Collection entries

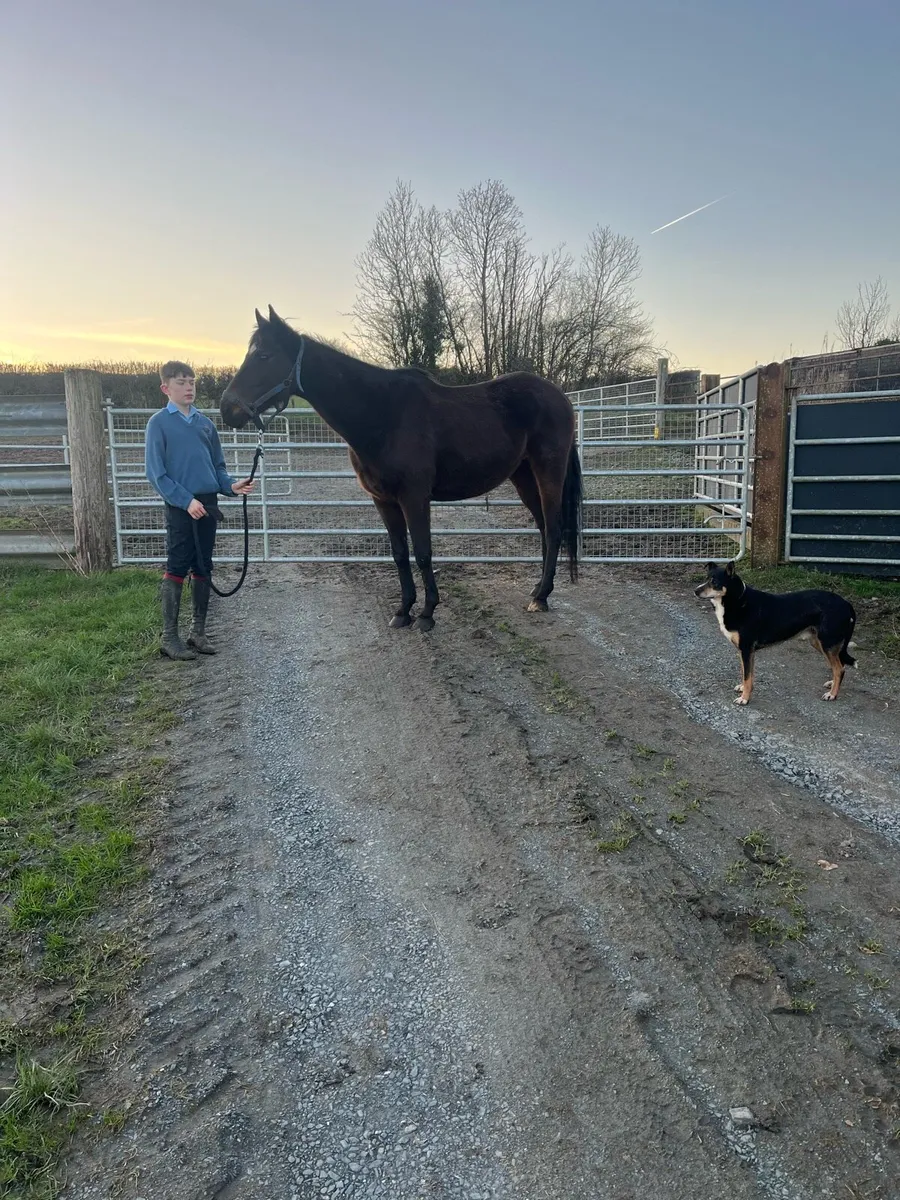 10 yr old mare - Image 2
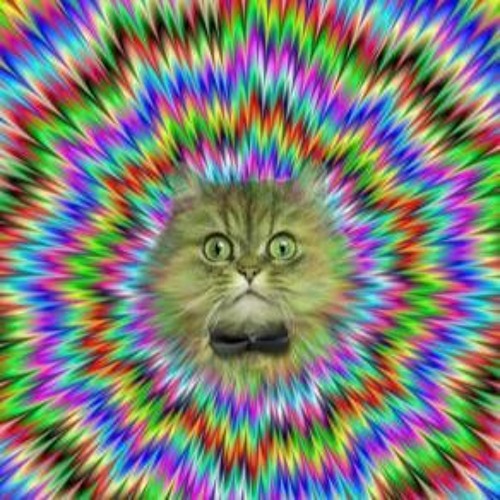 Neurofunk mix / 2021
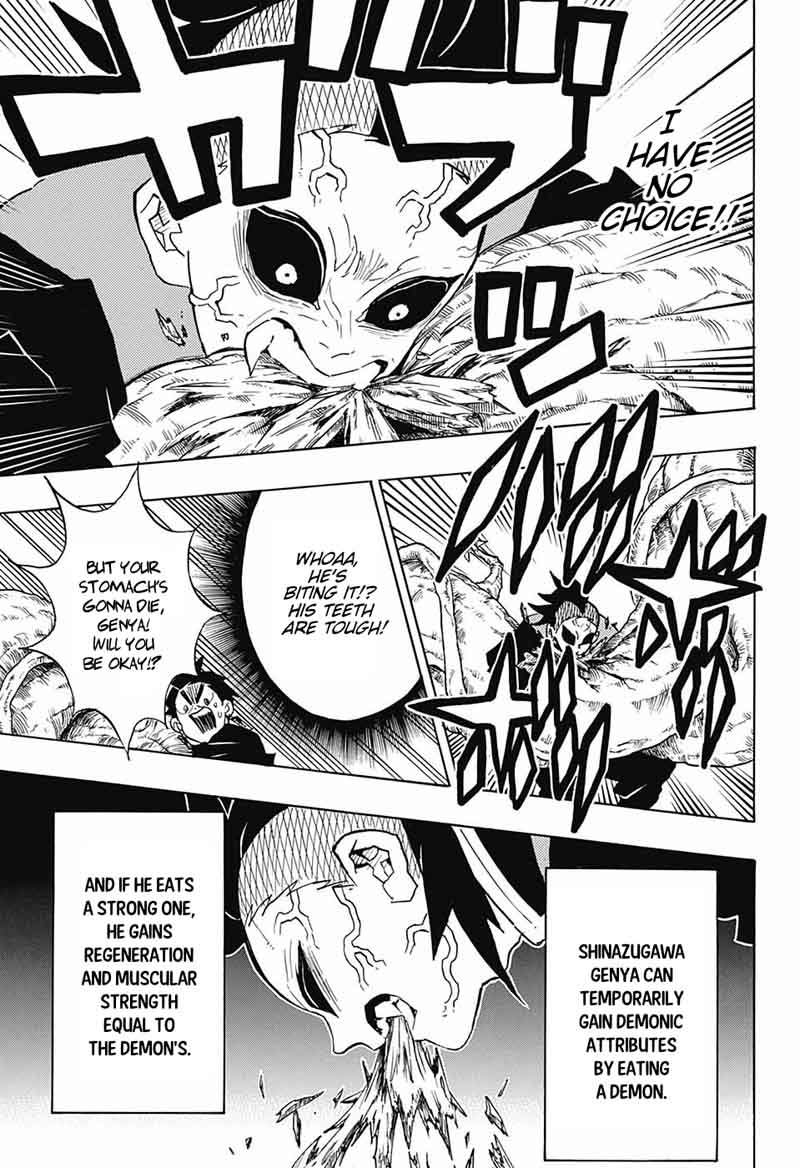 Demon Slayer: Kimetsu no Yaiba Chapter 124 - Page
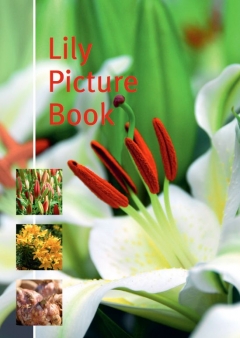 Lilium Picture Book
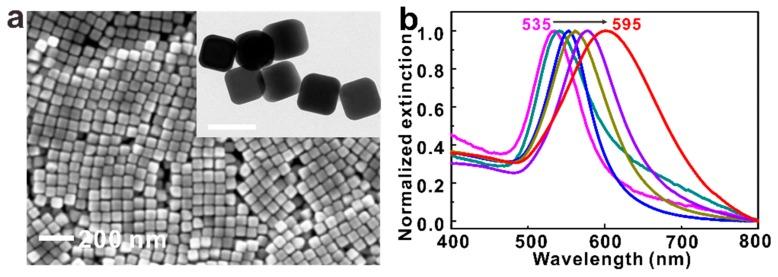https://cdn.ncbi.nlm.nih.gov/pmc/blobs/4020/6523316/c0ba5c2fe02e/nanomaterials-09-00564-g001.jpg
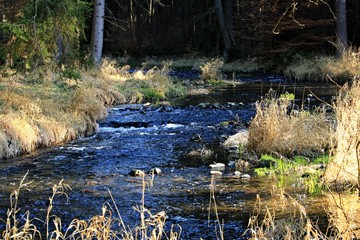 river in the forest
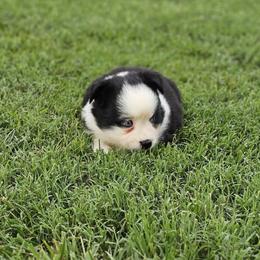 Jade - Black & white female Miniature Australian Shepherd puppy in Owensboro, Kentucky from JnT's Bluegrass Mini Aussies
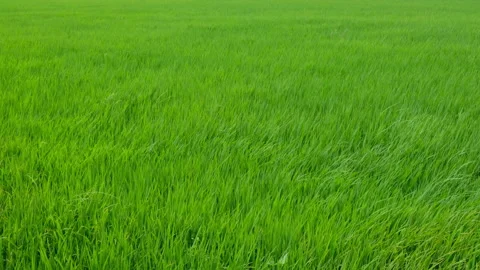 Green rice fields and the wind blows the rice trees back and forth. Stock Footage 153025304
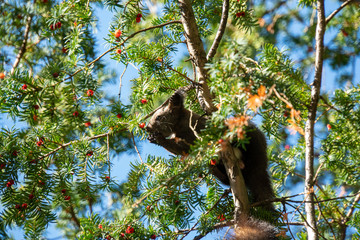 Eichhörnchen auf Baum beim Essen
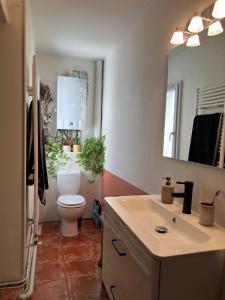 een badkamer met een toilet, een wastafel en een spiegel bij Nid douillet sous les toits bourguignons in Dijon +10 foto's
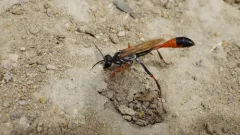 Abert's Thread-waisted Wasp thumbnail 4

TASK OBJECTIVE>
Write the lines from the one with "Lilium Picture Book" through the last line of the entries out again exactly, both ends included, and skip the pictures.

ANSWER AREA>
 Lilium Picture Book
https://cdn.ncbi.nlm.nih.gov/pmc/blobs/4020/6523316/c0ba5c2fe02e/nanomaterials-09-00564-g001.jpg
 river in the forest
 Jade - Black & white female Miniature Australian Shepherd puppy in Owensboro, Kentucky from JnT's Bluegrass Mini Aussies
 Green rice fields and the wind blows the rice trees back and forth. Stock Footage 153025304
 Eichhörnchen auf Baum beim Essen
 een badkamer met een toilet, een wastafel en een spiegel bij Nid douillet sous les toits bourguignons in Dijon +10 foto's
 Abert's Thread-waisted Wasp thumbnail 4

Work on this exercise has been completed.